When I heard the news that my heart was not working exactly right, the breath, all of it, was taken out of my lungs.  My heart cried “What about my children? My husband?”  What about my purpose?

I called a friend on the way home.  I cried.  She let me.  Tears flowed like a raging river. My heart squeezed tight as I thought of the ‘what ifs’ and ‘how could this be-s’.  I called out to the Lord in praise, for we are brought closer in our afflictions.  I cried to her of the fear of not being present for my children.  She stopped me…she reminded me that the Lord has called me to be a wife and mother.  That’s it…my purpose is to care for the family the Lord has so beautifully gifted me.

I trust God.

I do not fear.  I am in His hands.  He knows the desires of my imperfect heart.  He knows how much my family needs me.  He is with me always.  I will not worry.  I will put my hope in the Lord.

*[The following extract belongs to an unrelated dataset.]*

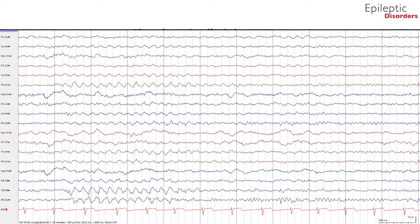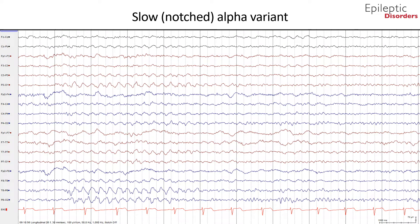In this bipolar montage EEG, we will discuss slow notched alpha variant. At times, harmonics or subharmonics of the background rhythm are seen. When this occurs, the resultant appearance is of a rhythm that is twice as fast or half as fast as the awake background. A slow alpha variant has an apparent frequency that is about half that of the awake background. These harmonics will often have a notched appearance as if many of the waves are simply being cut in half. This alpha variant is reactive to eye opening and closure.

The God I serve is so much bigger than any heart issue, He is my HEART.  He gives me breath and life and LOVE.  I will pour into Him thanksgiving and praise.

Perhaps this ‘abnormality’ is simply a wakeup call to take better care of myself.  Maybe it’s to remember my purpose and to not take my family for granted.  Perhaps it is for me to meet people who do not already know the love of Christ.  I will be a messenger of His love and peace.  I will stand firm in His strength.  I will ask to be a beacon of HOPE to all who I encounter.  I will not be afraid; my strength comes from the Lord.

Dear Father,
You knew us before you created those beautiful starry hosts.  You knew the trials and triumphs we would face.  I seek to gaze upon Your face in the midst of uncertainty.  I will reach for Your hand and hold it tight as we go through this journey that will only draw me closer to You.  In Jesus’ mighty name, Amen.